Peneliti dari University of Bonn, Elza Emira, mengatakan gagalnya program KMI yang sempat dijalankan pada 1980-an, disebabkan oleh banyak faktor seperti sistem perpajakan dan sistem pendataan penduduk yang belum berjalan dengan baik. Hal-hal itu lah yang membuat tingkat kegagalan mahasiswa membayar pinjaman kala itu cukup besar mencapai 90 persen.
Oleh karena itu, menurutnya, salah satu hal yang paling penting dalam pelaksanaan pinjaman berbasis pendapatan untuk mahasiswa adalah sistem untuk bisa melacak (tracking) peminjam ketika mereka sudah lulus.

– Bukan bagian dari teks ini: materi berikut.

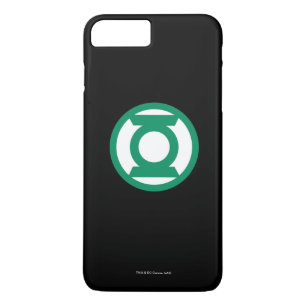 Green Lantern Logo 13 iPhone 8 Plus/7 Plus Case
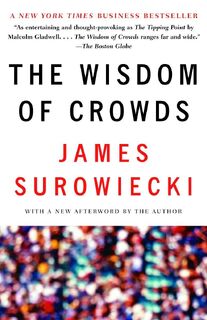 Wisdom of Crowds - James Surowiecki (ISBN 9780385721707)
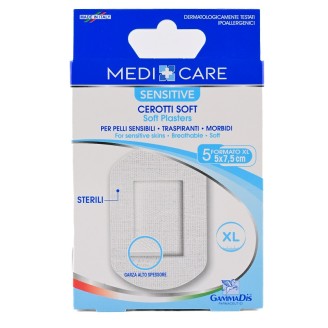 MEDICARE Cer.TNT St. 7,5x5 5pz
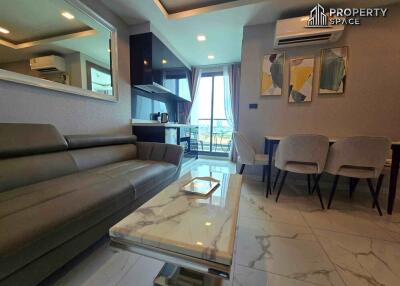 2 Bedroom In Arcadia Millenium Tower Pattaya For Rent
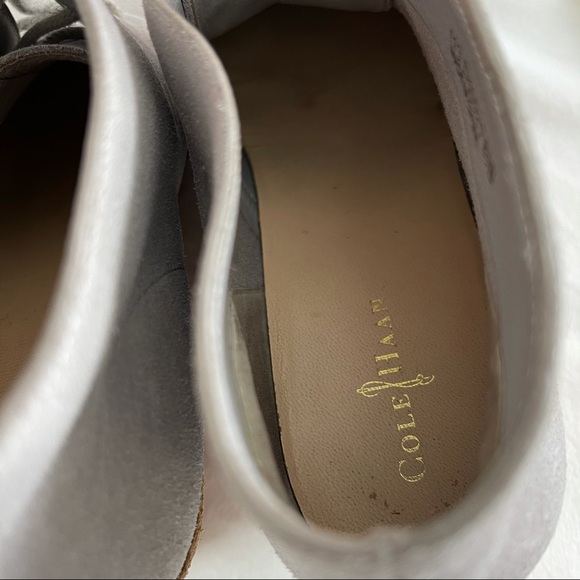 Cole Haan Halley Suede Chukka Boots - Picture 12 of 16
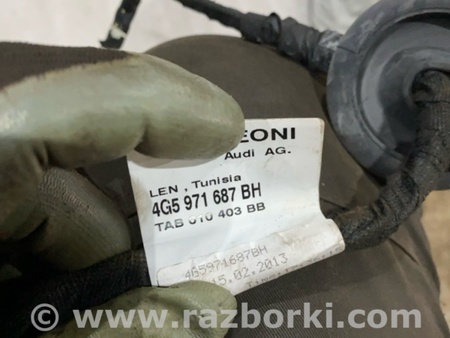 ФОТО Проводка двери для Audi (Ауди) A6 C7 4G (11-18) Київ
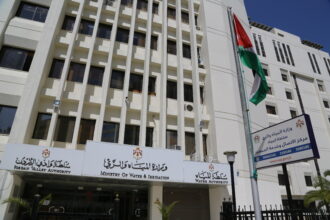 وزارة المياه توضح سبب تغير لون مياه الشميساني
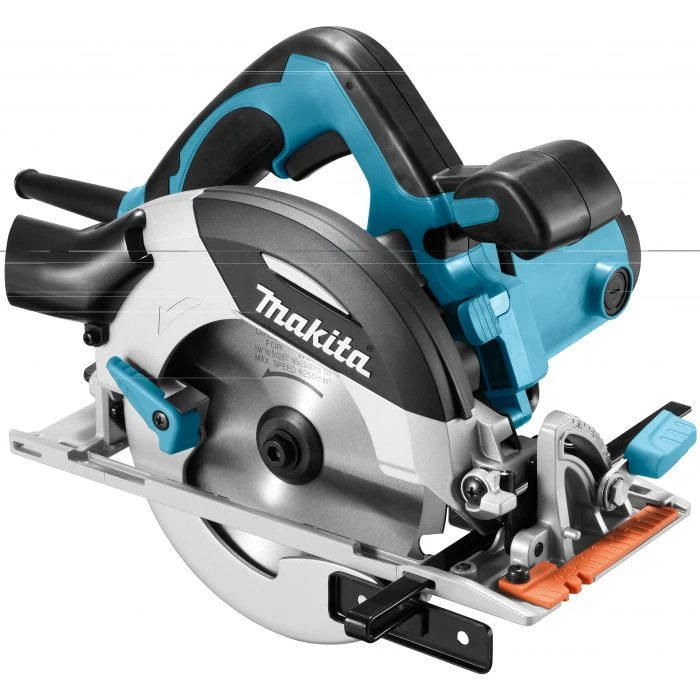 Makita HS6101K 230 V Cirkelzaag 165 Mm 2 Makita HS6101K 230 V Cirkelzaag 165 Mm - Afbeelding 2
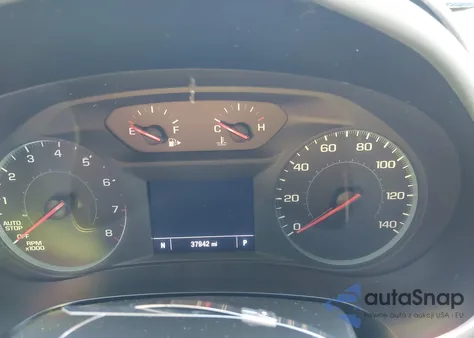 2024 Chevrolet Malibu Lt из США, поврежденный, VIN 1G1ZD5ST0RF183676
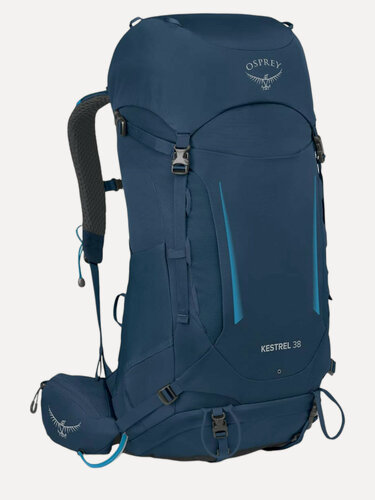 Изображение товара Рюкзак Osprey Kestrel 38 Atlas Blue (US: L-XL)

"Saya yakin dengan sistem data kependudukan kita sekarang yang sudah maju dan sistem perpajakan yang sudah jauh lebih baik, pinjaman berbasis pendapatan ini adalah skema yang sangat bisa untuk diterapkan di Indonesia," katanya.
Elza menilai model income contingent loan bisa menggantikan pinjaman pendidikan dengan sistem hipotek. Pada sistem hipotek, biasanya jumlah dan waktu pembayarannya sudah ditentukan, sehingga membuat peminjam rentan mengalami gagal bayar. Sementara pada model income contingent loan, mahasiswa penerima utang akan membayar dengan waktu dan besarannya disesuaikan dengan penghasilan nanti setelah lulus dan bekerja.

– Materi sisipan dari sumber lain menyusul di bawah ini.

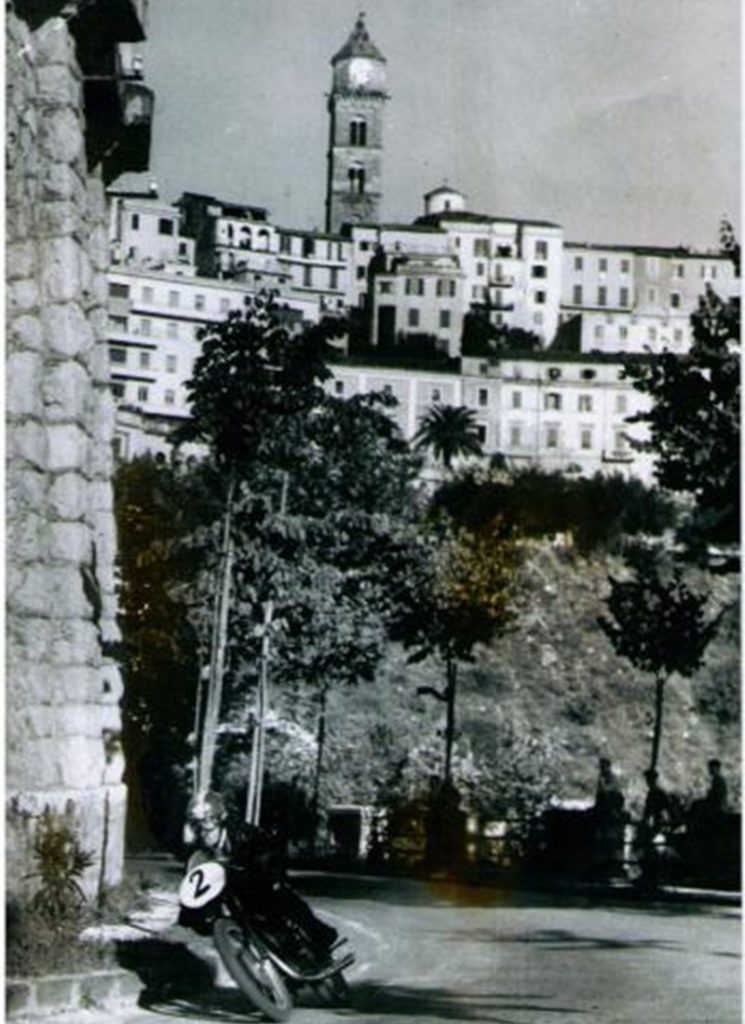 Memorial Pasquale Ferrante - Via Mazzini Curva Polivalente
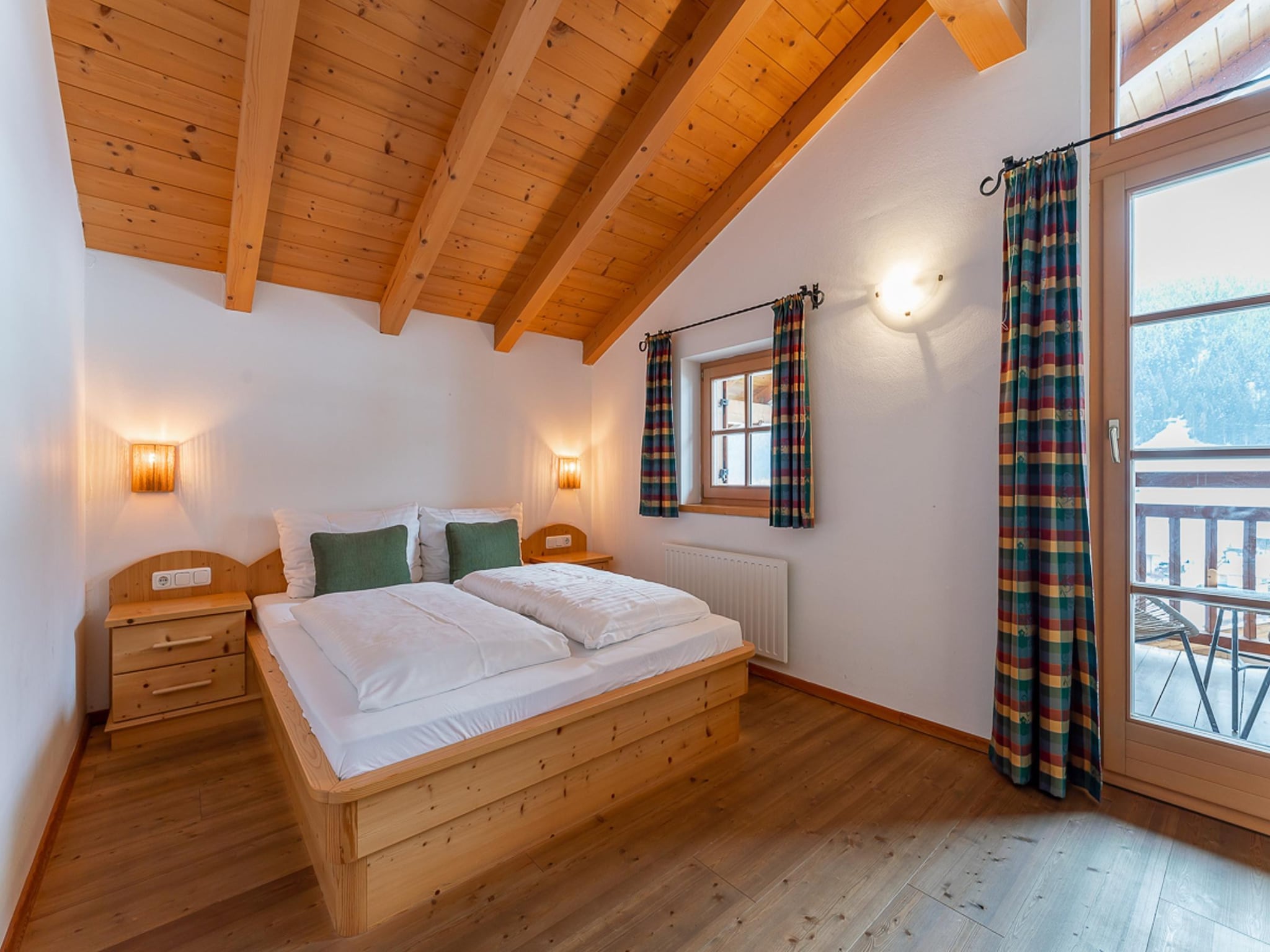 Ferienhaus Chalets im Wald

Lebih lanjut, skema income contingent loan juga tidak mengenal istilah kredit macet atau gagal bayar, sehingga membuat nama peminjam relatif aman di BI checking. Skema ini membuat mahasiswa peminjam bisa menyesuaikan angsuran pembayaran dengan penghasilan yang didapat.
Beban pembayaran utang pada sistem income contingent loan yang berlaku di negara-negara maju biasanya ditetapkan dalam regulasi resmi dari pemerintah, yakni berkisar 8 persen-11 persen dari total pendapatan peminjam. Dengan begitu, peminjam masih bisa mengelola pendapatannya untuk memenuhi kebutuhan yang lain.
“Karena model bayarnya disesuaikan dengan penghasilan. Ketika pendapatannya tinggi, tapi ketika pendapatannya tidak mencapai angka minimum untuk pembayaran utang, maka dia dibebaskan dari bayar utang pada saat itu. Dengan begitu, peminjam tidak akan mengalami kesulitan ekonomi akibat membayar utang," jelasnya.
Warsito menjelaskan skema pinjaman berbasis pendapatan yang tengah digodok pemerintah menyasar mahasiswa yang berasal dari keluarga menengah ke bawah. Mereka yang tidak tergolong berhak mendapatkan bantuan KIP-Kuliah, tetapi juga kesulitan untuk menyelesaikan pendidikan tinggi lantaran terhambat biaya.
Nilai pinjamannya juga akan fleksibel atau adaptif terhadap angka kebutuhan mahasiswa di masing-masing daerah di Indonesia sesuai dengan UMR yang berlaku, serta menyesuaikan dengan nilai besaran UKT yang berbeda-beda di sejumlah kampus di Indonesia. Termasuk, waktu peminjamannya juga bisa fleksibel bisa diajukan kapan saja dan untuk keperluan apa saja guna menunjang studi.
"Jadi nanti nilainya bisa fleksibel per kepala per pengajuan, persis sifatnya seperti pinjaman. Jadi sesuai dengan kebutuhan yang diperkirakan oleh yang bersangkutan. Konsep adaptif inilah yang saat ini intens kami bahas, termasuk bagaimana peran pihak-pihak di luar pemerintah seperti perbankan," ucapnya.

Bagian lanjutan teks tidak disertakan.